Below is a list of some of the maintenance work which will be taking place:
- Upgrading the SLURM scheduler, security patching and enabling new features
- Testing SLURM's node power management
- Enabling global file locking on the BeeGFS scratch partition
- ClusterVision will also be configuring new system monitoring tools
On Monday 11th April, the Balena HPC cluster will be unavailable due to maintenance work. Part of this work will include ClusterVision performing a full health check to ensure Balena is running at optimal performance. During this time, all jobs will be held in the queue and, for safety, you will not be able to access the cluster via SSH.
The Balena cluster will be unavailable from 07:00 on Monday 11th April and the cluster will be release back into service later that day.
On Tuesday 26th January there will be a mandatory fire suppression test being carried out in the same room as the Balena HPC system. We need to treat this as a potential risk of power outage to the data centre and therefore we will need to place the entire cluster into a maintenance mode during this period. This means that the Balena cluster will not be available for service on the 26th January.
We will require all users will to log out of Balena before 07:00am on the 26th January.
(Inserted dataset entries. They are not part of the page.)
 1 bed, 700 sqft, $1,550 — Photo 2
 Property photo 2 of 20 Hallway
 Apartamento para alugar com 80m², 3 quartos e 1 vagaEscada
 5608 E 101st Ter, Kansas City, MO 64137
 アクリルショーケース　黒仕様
You will not need to dequeue any workloads already in the cluster, a maintenance reservation has been scheduled to prevent any workloads from running during this period.
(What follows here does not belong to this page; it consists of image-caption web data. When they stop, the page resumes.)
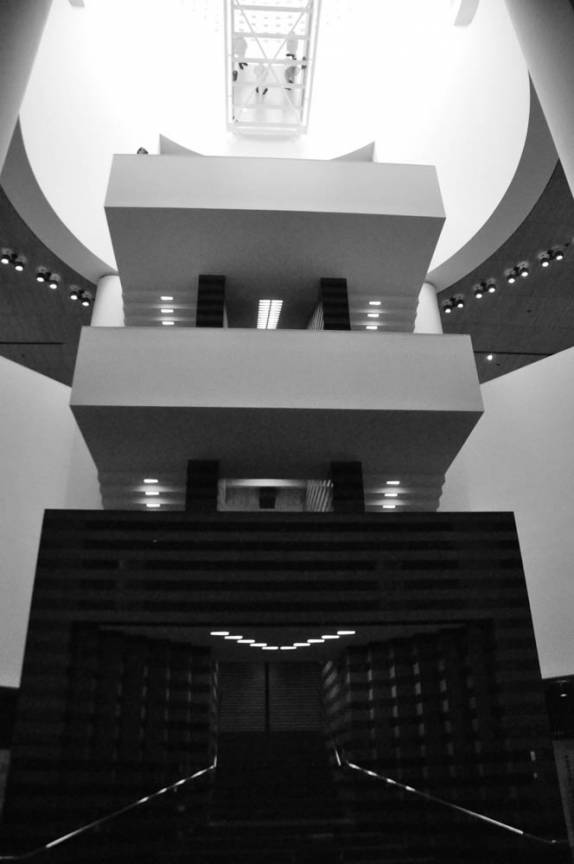 Interior do MOMA, em San Francisco, na Califórnia, nos Estados Unidos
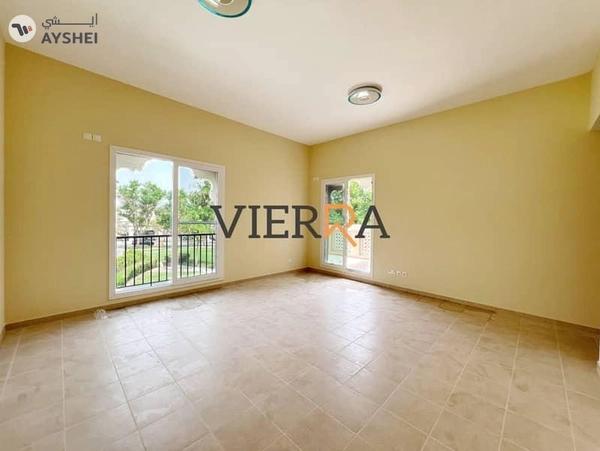 Landscape Garden l Single Row l Traditional Villa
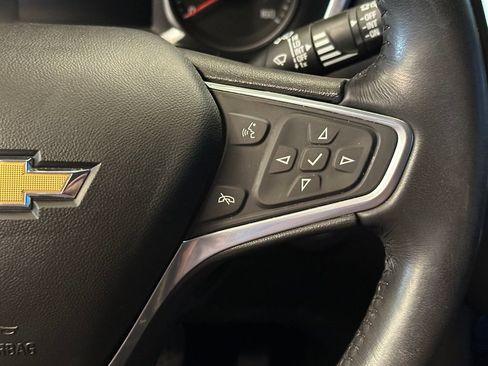 Used 2022 Chevrolet Equinox LT AWD/4WD image 11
We will be taking this opportunity to perform a couple disruptive tasks, such as performing a full headnode failover, to ensure the cluster is in full working order.
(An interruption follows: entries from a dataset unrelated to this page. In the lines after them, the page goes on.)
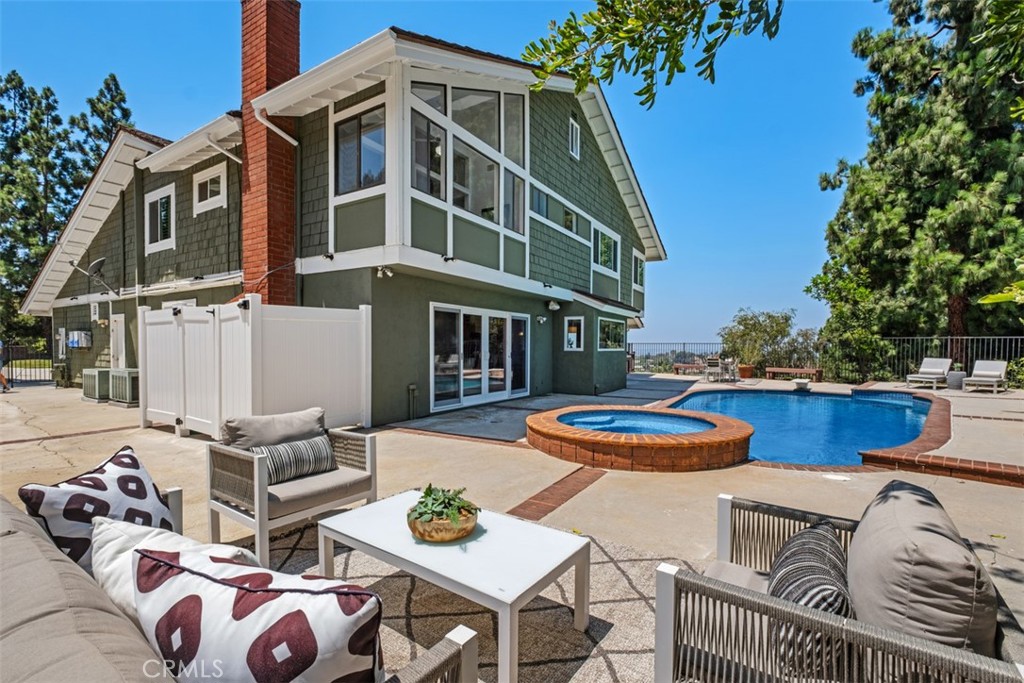 5780 E River Valley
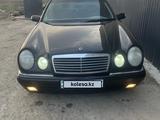 Mercedes-Benz E 320 1999 годаүшін3 400 000 тг. в Уральск – фото 3
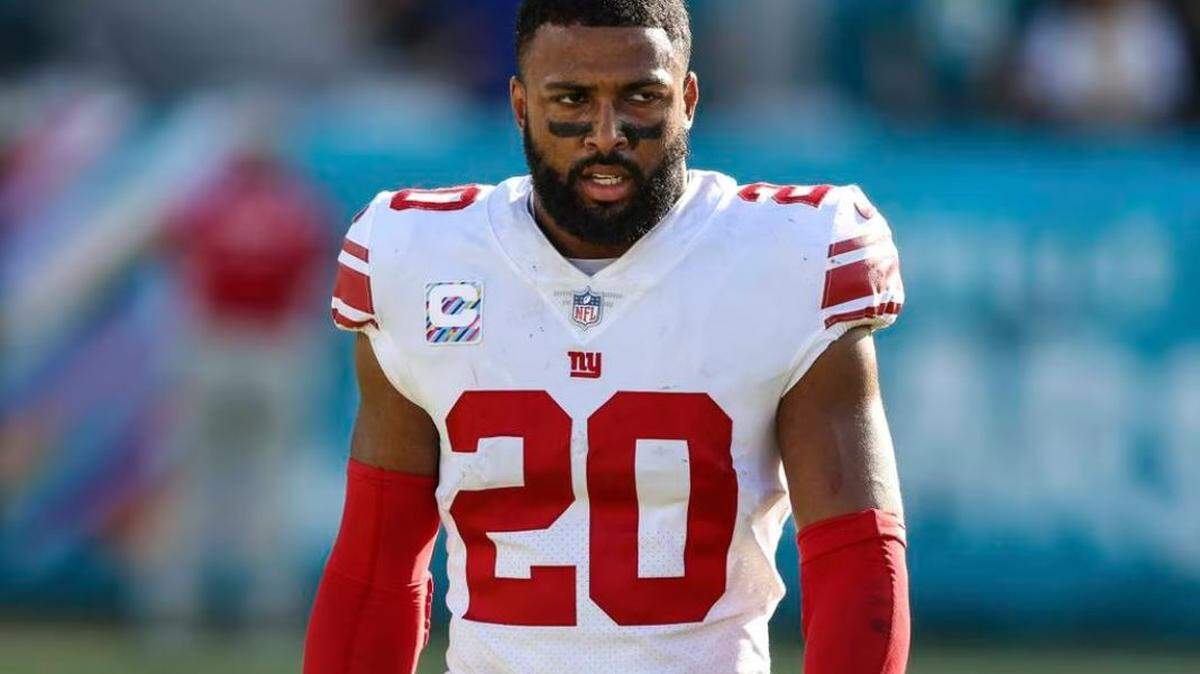 The Seahawks reached agreement on a free-agent contract with former New York Giants defensive back Julian Love on March 17, 2023.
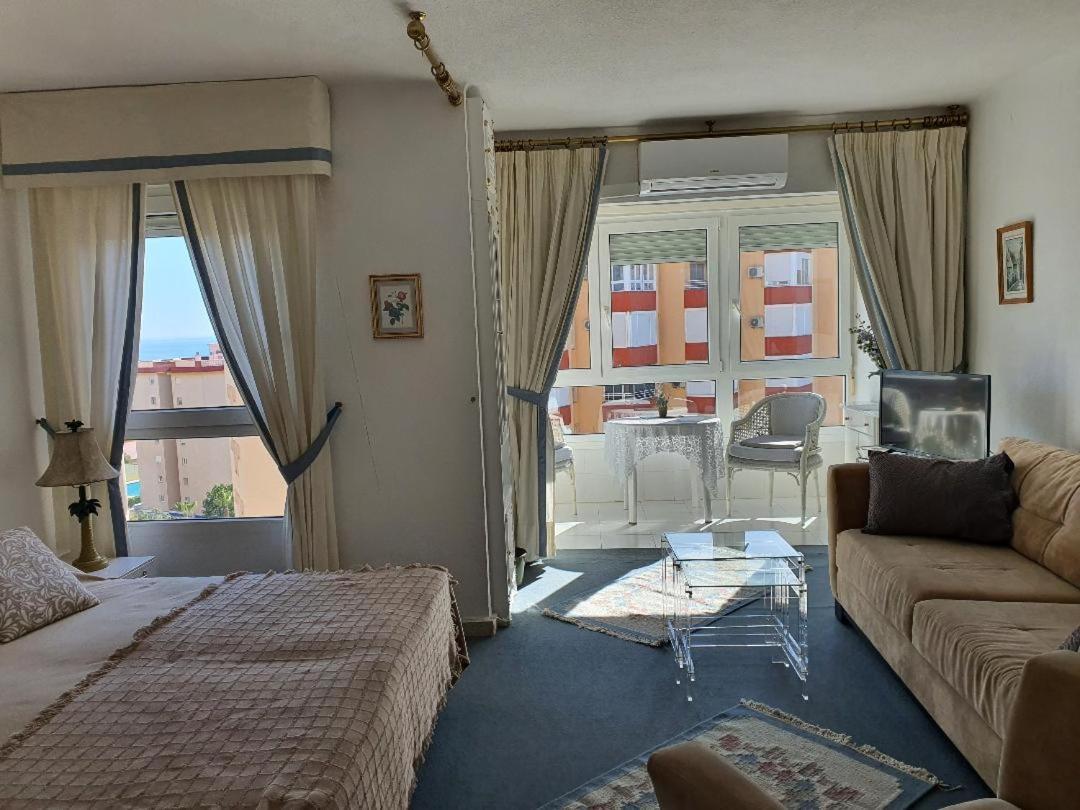 Luxury Studio Apartment 2 Night Minimum Stay Until June 31St!! Torrox Eksteriør billede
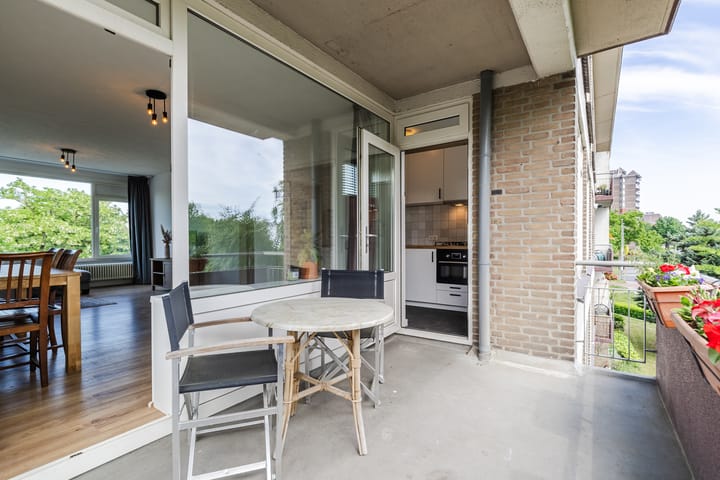 Photo 37 of Kaarderstraat 10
I shall send around a reminder about this next week. Sorry for any inconvenience this may cause.
Maintenance and upgrades will be taking place, during our at risk* period Tuesday 22 September 2015, 7am-9am.
The network will be undergoing maintenance. You may experience minor disruptions if you are using the Internet and any of the services below during this time. If you do, please try refreshing the page or returning after 9am. Services affected are:
- The University Website
- TeamBath website
- Authentication servers
- Registration online
- Skype for Business
Additional work also taking place during this time
- UniDesk is being upgraded to the latest software and will be unavailable (7am-9am)
- Ansys is undergoing a license server upgrade, will be unavailable (7am-9am)
- Visa is undergoing a license server upgrade and battery replacement (7am-9am). It will affect the following:
- Spartan Student
- The Balena HPC service will be undergoing maintenance and will be unavailable (7am-9am)
*Our 'at risk' period is between 7am and 9am on Tuesdays when we carry out scheduled maintenance, modifications and testing. This work is essential to maintain and develop the services that we provide. Thank you for your patience during the maintenance period.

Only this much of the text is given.